Editor’s Note: This post was written as a preview of an upcoming Supreme Court of Canada decision for the Fantasy Courts website and newsletter.

This Week at the SCC

On Friday, April 29, 2022, the SCC is releasing its decision in R. v. Dussault. At issue is whether there is a continuous right to counsel protected by s. 10(b) of the Charter.

The respondent, Dussault, was arrested for murder and arson. Before his trial, he moved to exclude from the evidence an incriminating statement he had made to the police while being questioned on the basis it was a result of a violation of his right to counsel protected by s. 10(b) of the Charter. He had spoken to his lawyer by phone, but then the police refused to let him continue consulting his lawyer when he arrived at the police station. The trial judge found that the respondent’s statement was admissible in evidence and a jury then found him guilty of second degree murder.

The respondent appealed and the Court of Appeal unanimously allowed the appeal, set aside the guilty verdict and ordered a new trial. The refusal of the police to allow the respondent to continue consulting his lawyer was a violation of the police duty to ensure the application of s. 10(b) of the Charter.
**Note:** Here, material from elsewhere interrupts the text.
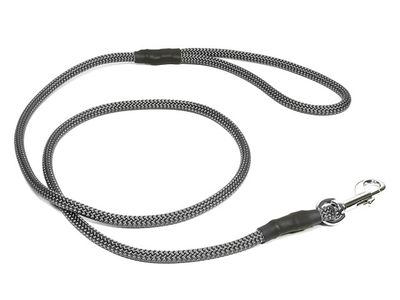 Mystique Field Trial Leiband Moxon 8 MM Met Karabijnhaak Grijs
At the SCC, the argument focused largely on whether the respondent’s initial consultation with his lawyer was cut off and the reason the lawyer decided to attend the police station after that initial call. I don’t see this case changing the law significantly in any respect, but instead it’s a matter of resolving what actually happened factually in this particular case. I’m leaning towards appeal dismissed on the basis the Court of Appeal likely sorted out the factual error.

Last SCC Decision

  • On April 14, 2022, the Supreme Court of Canada released its decision in R. v. Tim, 2022 SCC 12.
  • In a 6:1 split the Court dismissed the appeal.
  • Justice Jamal for the majority wrote that the police breached s. 9 of the Charter by arresting the accused based on a mistake of law about the legal status of a pill he had in his possession. Because Mr. Tim’s arrest was unlawful, the searches of him and his car that followed also violated his section 8 Charter right.
  • However, applying s. 24(2), the Court found the evidence should be admitted. The violations were on the less serious end of the spectrum, while the evidence was reliable and essential to the prosecution of serious offences.
  • Justice Brown in dissent would have allowed the appeal and acquitted Mr. Tim. He found that admitting the evidence would bring the administration of justice into disrepute because of the seriousness of the Charter-infringing conduct.
  • Only 39% correctly predicted the outcome.